• **COLLECTED DATA**
[Start of section]

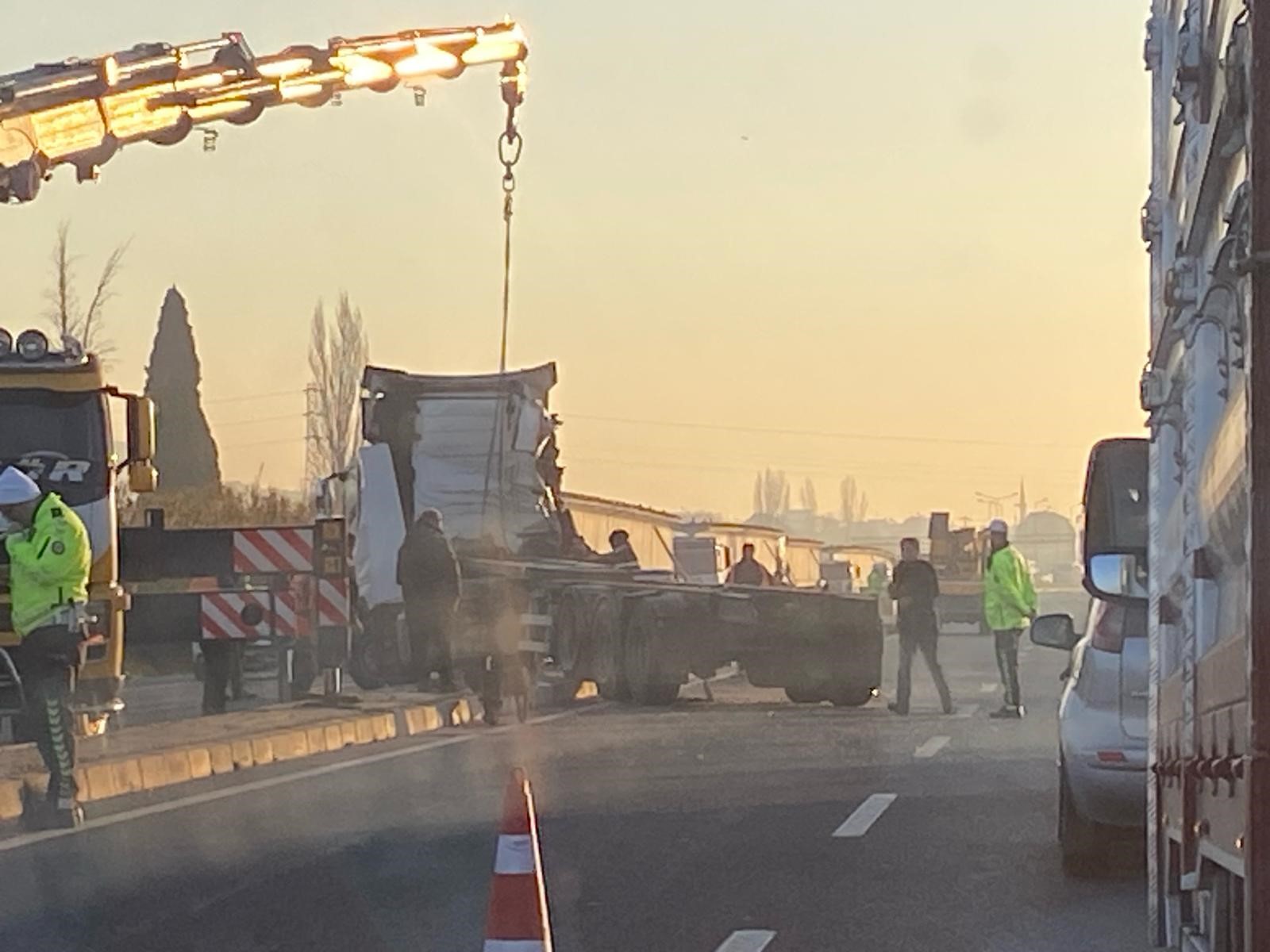 KARAYOLU SAVAŞ ALANINA DÖNDÜ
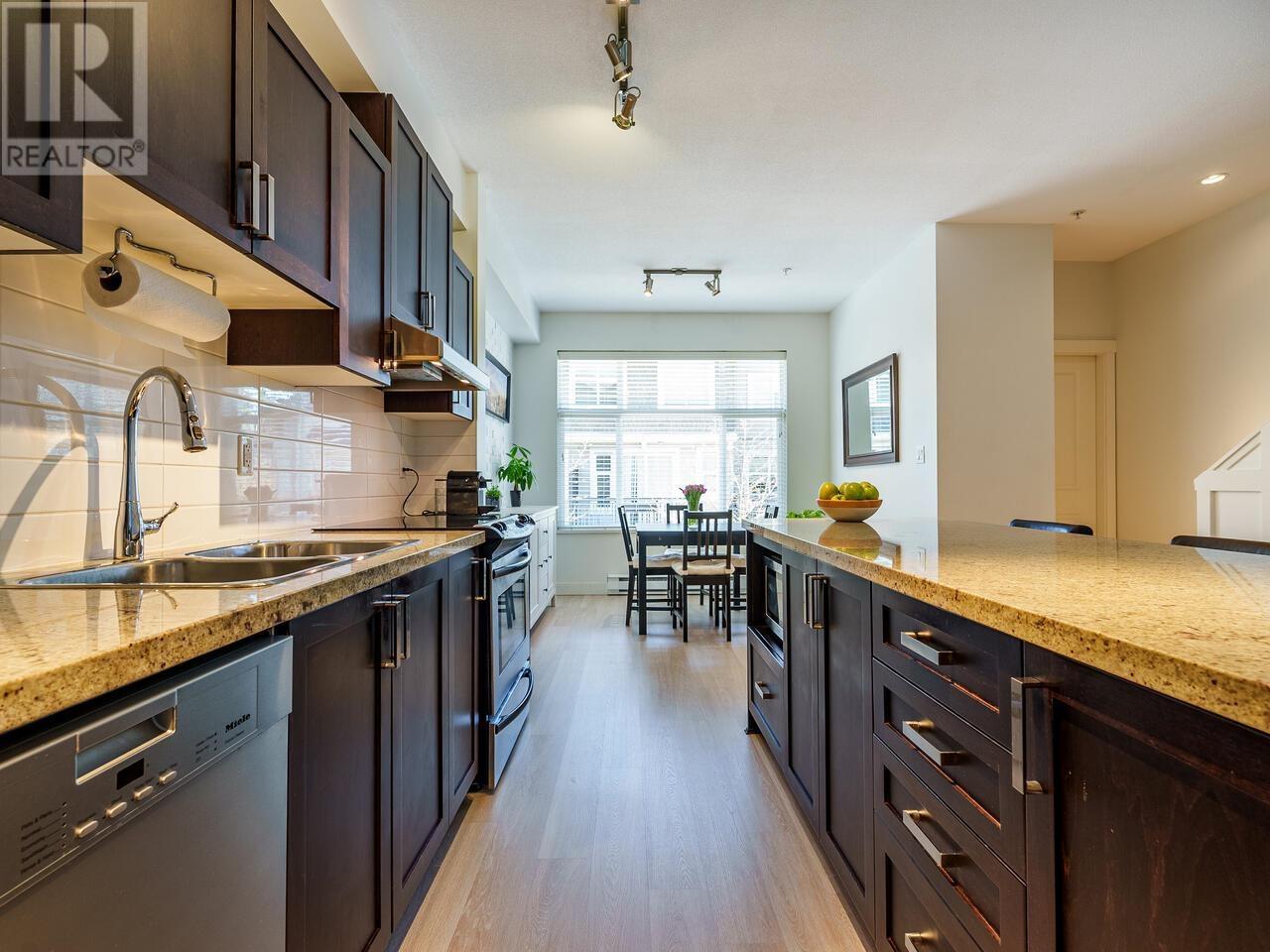 754 Orwell Street, North Vancouver, British Columbia  V7J 0A5 - Photo 32 - R2865590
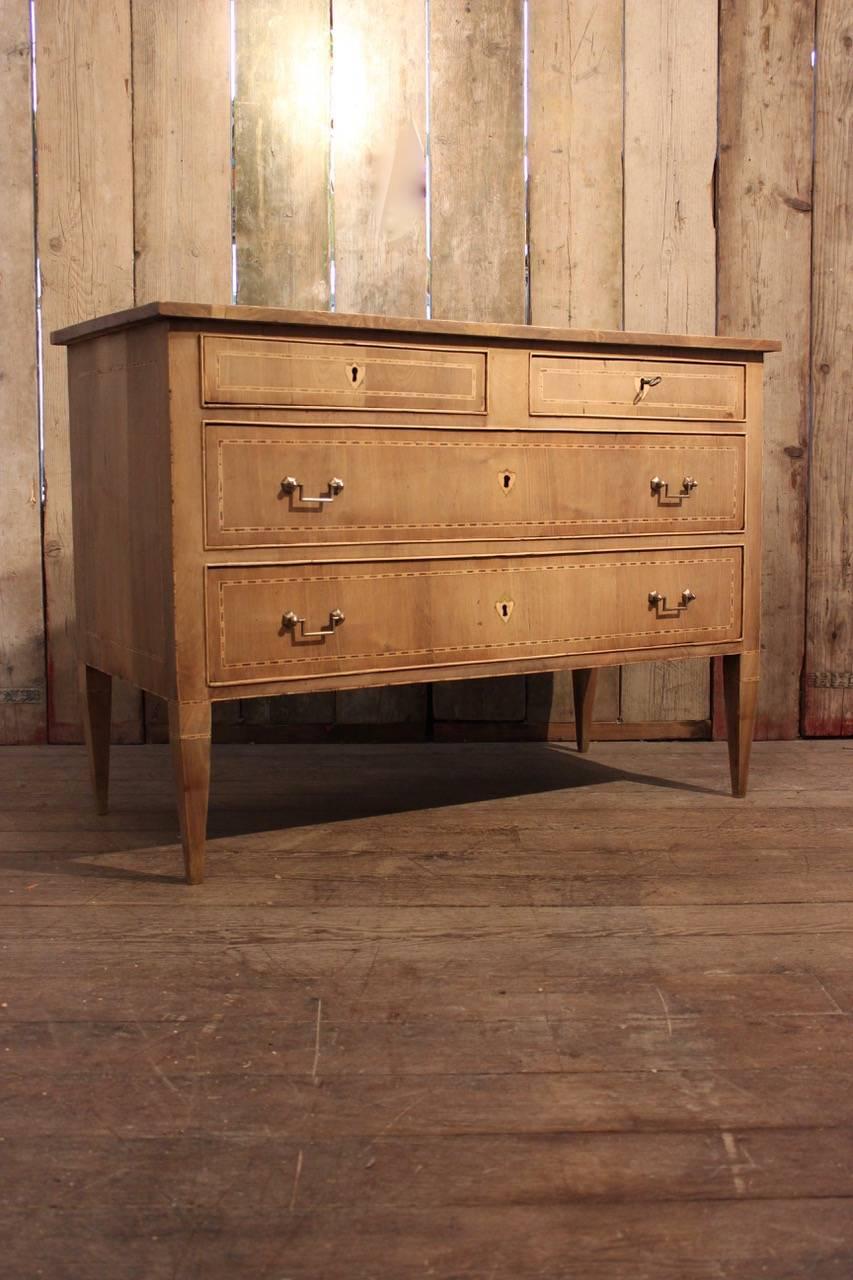 Late 18th Century, Italian Bleached Walnut Commode In Good Condition In Gloucestershire, GB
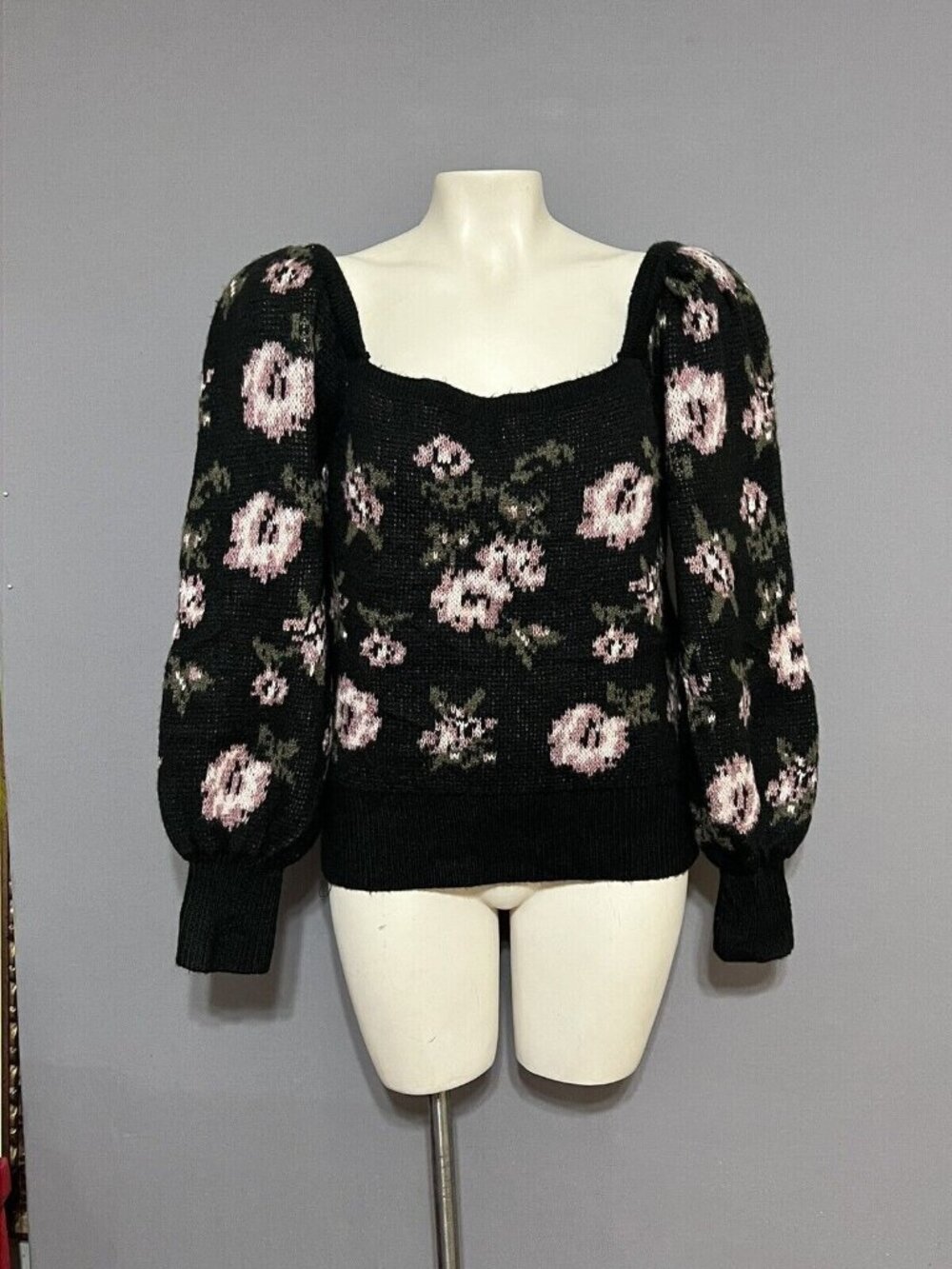 Anthropologie Sweater Women’s Med Black Floral square neck balloon puff sleeves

[End of section]

• **YOUR INSTRUCTIONS**
A verbatim copy of the listing is required, with all pictures left out.

• **THE COMPLETED TASK**
 KARAYOLU SAVAŞ ALANINA DÖNDÜ
 754 Orwell Street, North Vancouver, British Columbia  V7J 0A5 - Photo 32 - R2865590
 Late 18th Century, Italian Bleached Walnut Commode In Good Condition In Gloucestershire, GB
 Anthropologie Sweater Women’s Med Black Floral square neck balloon puff sleeves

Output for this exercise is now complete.